The investment industry has been steadily rebuilding its image in the aftermath of the financial crisis and the Bernie Madoff scandal. However, things are not getting fixed quickly enough for David Gallagher, the Commissioner of the SEC. Gallagher still sees major issues with how regulators deal with problem investment advisers and believes this hurts the entire financial industry.   

 Dishonest Advisers: A Small but Damaging Group

 At a recent Securities Conference, Gallagher expressed that the investment adviser industry is plagued by a small but damaging group of bad individuals. Roughly 20 percent of the 600,000 advisers on FINRA’s BrokerCheck database have between one to five problem disclosures. These include customer complaints, regulatory violations, and serious financial issues like bankruptcy or liens.

 These issues should prevent many of the problem advisers from managing money yet some firms do not always to remove them. “They manage to stay in the industry and continue to wreak havoc on the investing public,” said Gallagher. This small minority destroys trust and ruins things for honest advisers who work hard to follow the rules.

 Not Enough Action

Gallagher believes that one of the reasons these trouble advisers stay in business is because there is not enough regulatory oversight. The SEC does not have enough of a budget to carry out the needed investigations of advisers. In addition, FINRA announced this year that it no longer wants to oversee investment advisers.

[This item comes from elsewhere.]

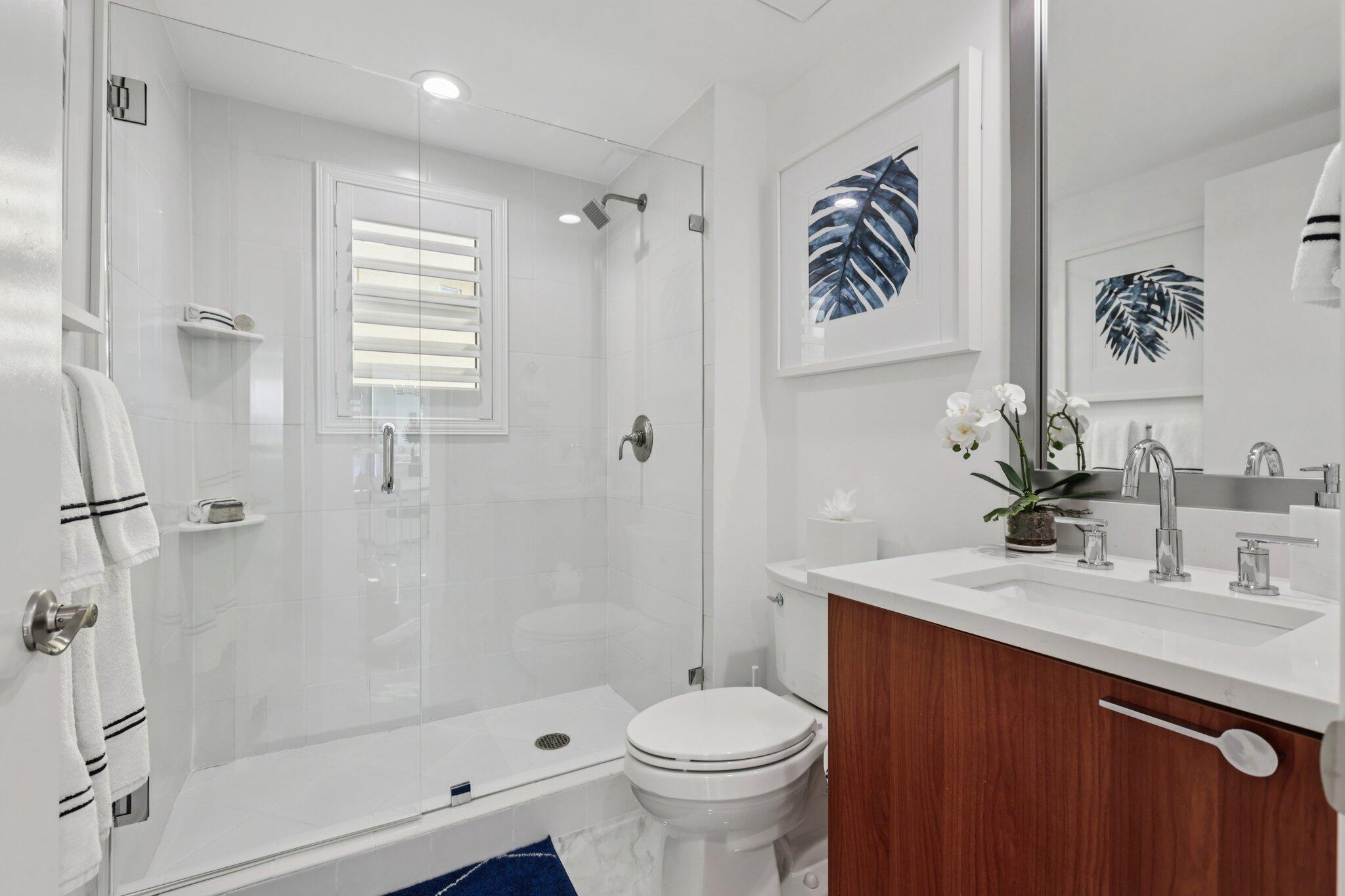 MARINA GRANDE RIVIERA BEACH CONDO - Residential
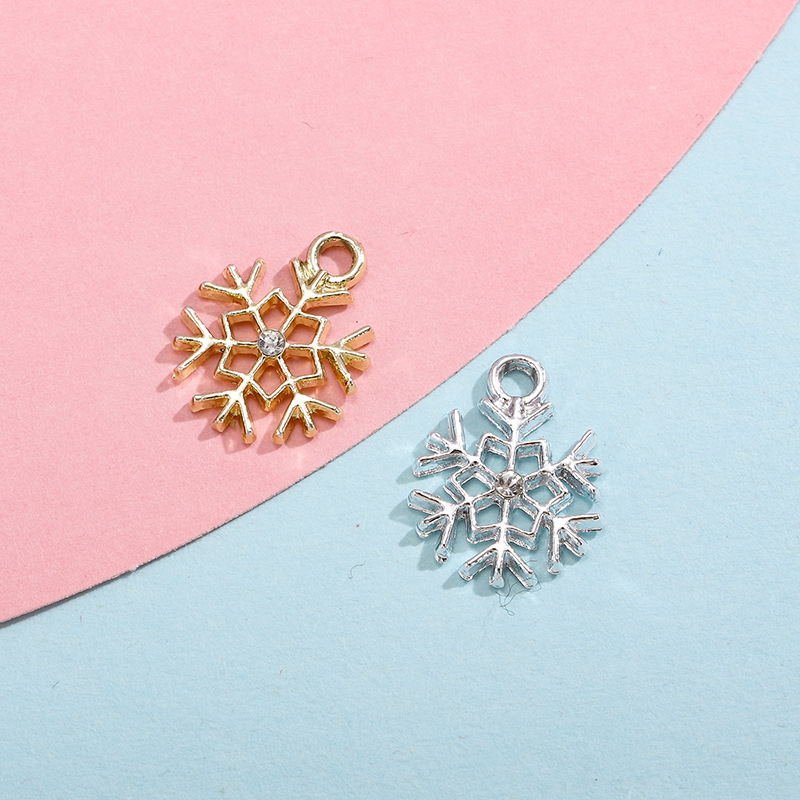 Snowflake Accessories Pendant Simple Christmas with Diamond Alloy Jewelry Accessories Electroplating DIY Bracelet Necklace Clothing Material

 When the SEC does regulate, it focuses most of its time on broker/dealers, rather than on investment advisers. Gallagher says there is a perception that broker/dealers have more problem individuals than investment advisers, but the numbers show there are issues in both industries.

 What Needs to Change

 To fix this issue, Gallagher has a few suggestions. First, he recommends that Congress provide more money to the SEC to increase its regulatory scope. He also suggests that the investment adviser industry develop its own self-regulatory organization (SRO) to keep track of dishonest advisers.

Nothing seems set to change any time soon. Congress has currently not offered any extra funding and FINRA does not want to take this role. If a new organization were created, it would take some time, if it happens at all.

 In the meantime, honest advisers will have to keep working hard to prove to their clients that they are trustworthy, even if there are some troublemakers still hiding in their industry.